Tuesday, 23 May 2017

Jama Masjid 360 Degree


Famous Magnum photographers like Raghu Rai, Steve McCurry and A.Abbas has already set a bar for photographing the famous Jama Masjid starting from 1983, and even to 2005 to be latest, as part of their exceptional portfolio as a Magnum artist. And why not? Jama Masjid has indeed attracted countless photographers. I must say, from very recent times, I saw a story done on Jama Masjid by an IPS turned photographer, Alankrita Singh. To me, she did an exceptional job, to be admired after the Magnum legends stated above.

In the era of drone photography, and helicopter shots, it's next to impossible to find out something which has not been attempted before. At the same time, we photographers are loaded with the responsibility to find that one crack in the shell, and try filling the same with our own share of art.

Hunting for some new perspective, I tried shooting the infamous Jama Masjid from all possible corners around. Moreover, to add the flavor, the shoot was done in early hours, which is again a rare look for most of us. The only intention was to fill that one crack that I found, as this 360 degree concept has never been attempted before.
 



































































































Behind the scene:

Here is a brief description of how this photo story was shot. "Output" is the most important part of photography. No one is going to offer a sympathy for you of not having the expensive gadgets. Hence, you need to figure out the best you can do with what all you have.

Gear Used- Nikon D5100/ Nikkor 18-55mm AF Dx
Light Source- Ambient Light
Props- None
Remote- None

The point was to shoot the early hours of the day. Despite knowing the poor light availability, the motive to choose this time of day was to document the unseen. The early views, and late night, are not so common in any case, due to various obvious reasons.

With only 18-55mm lens, it was quite evident for me that I won't be able to zoom in (which in this case was also not a requirement). Most photographs are taken in widest possible angle to embrace the maximum area and essence of the place. Shooting wide, also helps in low light, so again it was a planned move. I wanted to keep the photographs exact and real, which is why no external light source or props were used to produce these images. 

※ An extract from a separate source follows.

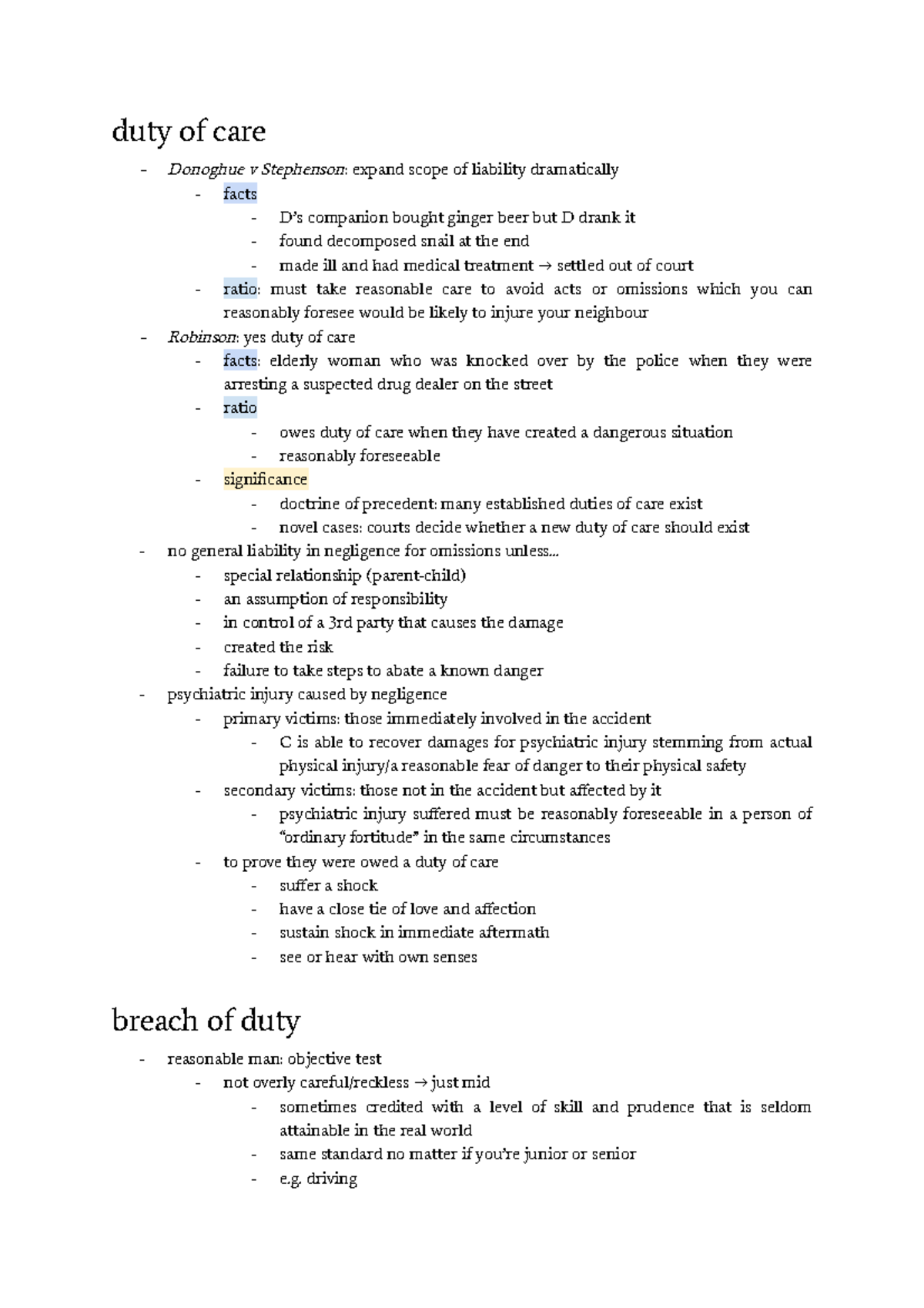 Tort of Negligence: Key Principles & Cases Analysis - Studocu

Points from where most of the photographs are shot, are very common, whilst, few of them were obtained from getting access to least thought or inaccessible places. Carrying a small camera in hand, always has aided me in getting into the scene, which could have been more tough in case I had carried some heavy gears around my neck. This sneak peek, and getting accepted as another regular guy, always helps in getting some close and real pictures.  








2 comments:

  1. These pics are really beautiful Kalyan...Looking at them is attracting me to visit this place. So beautifully you have captured. Keep it up.